Earlier this week, German Foreign Minister Heiko Maas echoed the report's accusations, calling Lukashenko the "boss of a state-run smuggling ring." In the past weeks and months, other EU governments and politicians have repeatedly accused Belarusian President Alexander Lukashenko of attempting to destabilize the EU by encouraging people from the Middle East and Africa in his country towards the border in order to sow divisions and chaos within the EU.
Meanwhile, both the German migrant advocacy organization Pro Asyl and the German chapter of Catholic charity Caritas not only criticized the Belarusian regime, but also the EU.

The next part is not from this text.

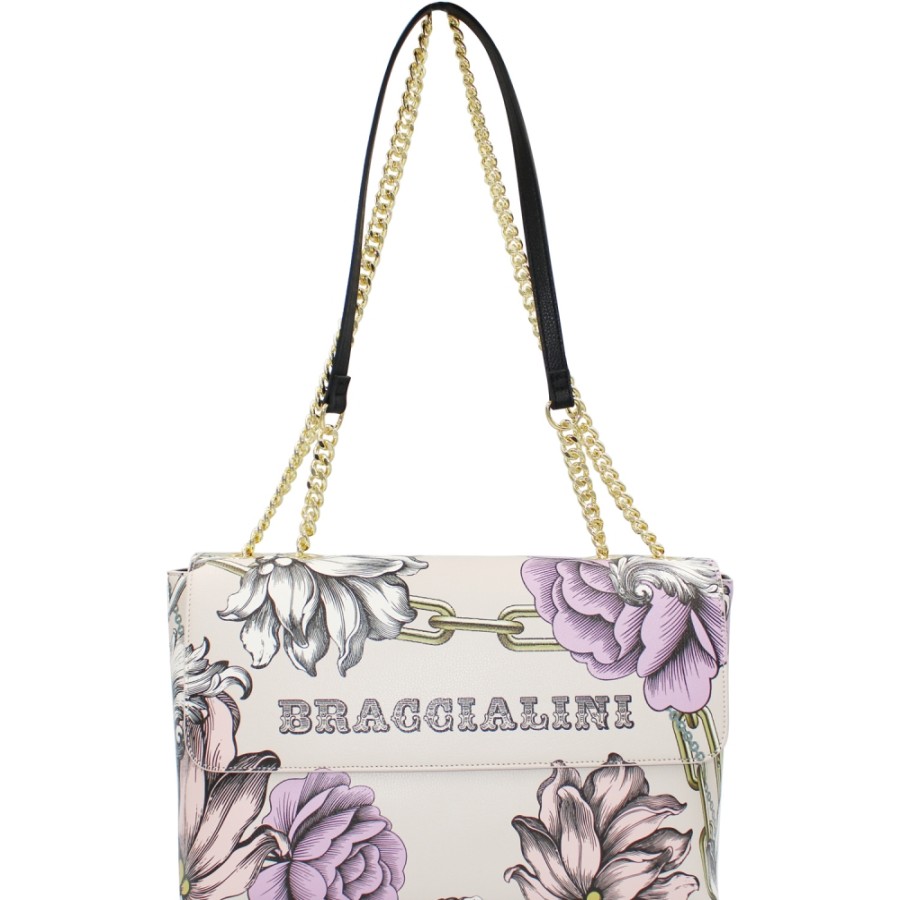 Borse Da Donna Braccialini | Borsa Braccialini Messenger Con Stampa Camelie E Rose, Colore Cipria B14302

Pro Asyl's Karl Kopp warned the EU of answering Lukashenko's actions by suspending human rights. "At the EU external border in Poland, the [Geneva] Refugee Convention is virtually non-existent," Kopp told the Rheinische Post newspaper. "Dictators win when countries with rule of law break the Refugee Convention, too."

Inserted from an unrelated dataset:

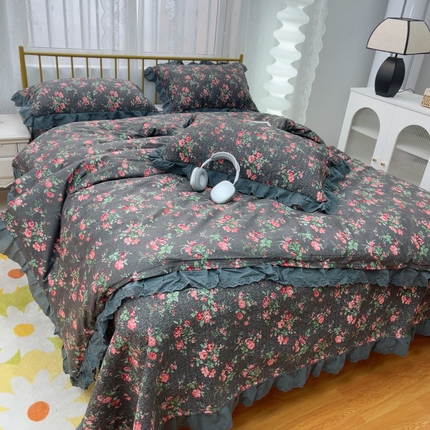 暖居 2025春夏款高温砂洗棉花床盖三件套被套四件套同款纯棉夏被空调被四季 中国美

"We need to give people who arrive at the EU's external border the opportunity to apply for asylum, accommodate them in a humane way and grant them a fair procedure," Caritas' Andrea Schlenker told the Catholic news portal domradio.de. The migration expert also argued that it was Poland's responsibility to guarantee human rights and pointed to clear EU rules Poland needed to abide by.
Moreover, Schlenker said she was in favor of "sanctions and pressure" to stop Belarus' from its proven, "inhumane instrumentalization" of migrants.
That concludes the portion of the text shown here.